The pilot, which will run in select U.S. cities over the coming months, will adjust prices in real time based on demand signals and user behavior, a spokesperson confirmed.
Under the program, Uber Eats’ Cart Assistant will propose a “smart essentials bundle” and apply variable pricing to items it deems most urgent, including bread, milk, eggs and, in limited markets, instant ramen.
Prices for those products could refresh as often as once every 15 seconds during a typical 12-minute cart-building session, according to an internal product brief seen by Reuters.
An internal memo describes the model as a way to “align household hunger with transparent, market-based pricing,” noting that the system draws on a proprietary Household Carb Desperation Index ranging from 0 to 500.
In early simulations, a standard loaf of white bread surged as high as 3.8 times its base price when the index exceeded 420, driven by signals such as time since last grocery order, number of children in the household, and recent searches for “quick dinner ideas,” the memo said.
Uber said customers will see an on-screen alert when surge is in effect on milk and bread, along with a countdown timer indicating when the price may normalize.

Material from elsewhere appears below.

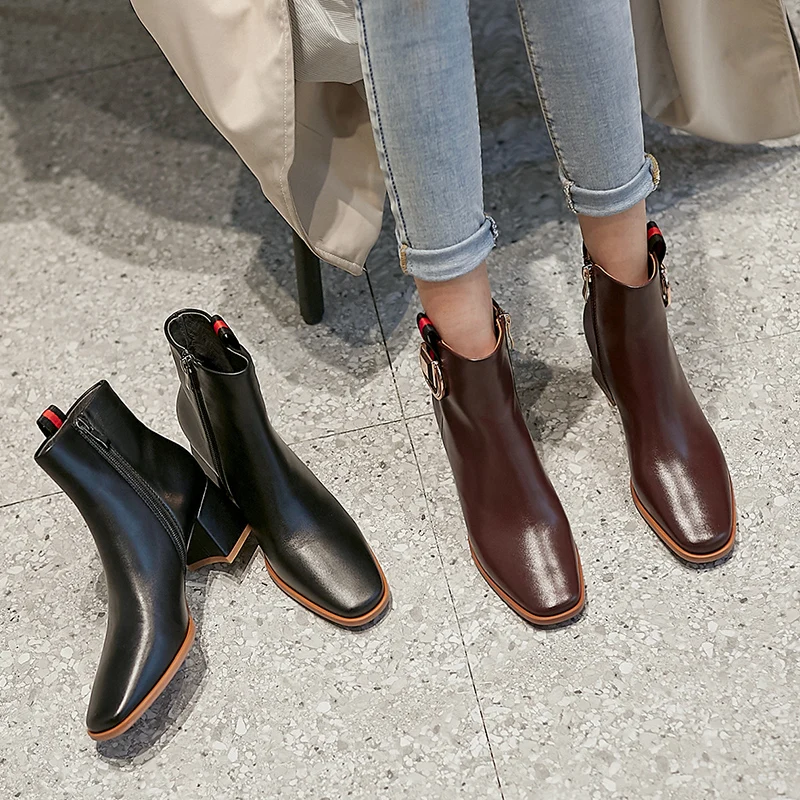 

Metal decorate fashion High Heels Chelsea Shoes women's boots Brand Genuine Leather Ankle boots 2019 autumn and winter new boots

Users can avoid dynamic pricing by manually deselecting AI recommendations and building a cart from scratch, a process that took an average of 11.7 extra minutes in internal tests and reduced average savings by 19.4%, according to the company.
Analysts at Morgan Stanley said the initiative could increase average grocery order value by 7.2% to 11.9% in mature markets, depending on “elasticity of demand for toast.”
“Dynamic pricing of necessities has long been an untapped monetization lever for grocery delivery platforms,” the analysts wrote, estimating that 64% of households would “accept modest volatility in milk prices” if offered suggested recipes and one-click reordering.
The Cart Assistant’s model will factor in local weather, school calendars and live social media trends, including spikes in posts tagged #mealprep or #FrenchToastNight, according to technical documentation shared with retail partners.
In an internal test market, the price of a gallon of 2% milk ranged from $2.19 at 3 a.m. on a Tuesday to $27.43 during a Sunday morning “pancake rush” coinciding with a popular cooking show finale, the documents showed.
Consumer advocates raised concerns that low-income users could be disproportionately affected if basic staples are routinely subject to surge conditions, particularly around paydays and public assistance disbursement dates.
Uber said its algorithm includes a “fairness governor” designed to cap volatility, but declined to disclose the threshold, saying only that it would be “commercially reasonable and operationally flexible.”
Regulators have begun to take notice, with a staff attorney at the Federal Trade Commission saying the agency is “monitoring developments in AI-driven necessity pricing” but declining to comment on Uber specifically.
Uber, in turn, has prepared a 34-page support script instructing customer service representatives on how to respond to complaints such as “Why did my bread cost more during halftime?” and “Is my milk more expensive because my baby is crying in the background?”
If the pilot meets internal performance targets, Uber plans to expand dynamic pricing to additional staples, including rice, baby formula and store-brand bottled water, beginning as early as the fourth quarter, according to people familiar with the matter.
The company is also exploring a paid “Surge Shield for Groceries” subscription, which would reduce volatility on bread and milk in exchange for a 7.99% monthly stability fee layered on top of existing membership plans, one of the people said.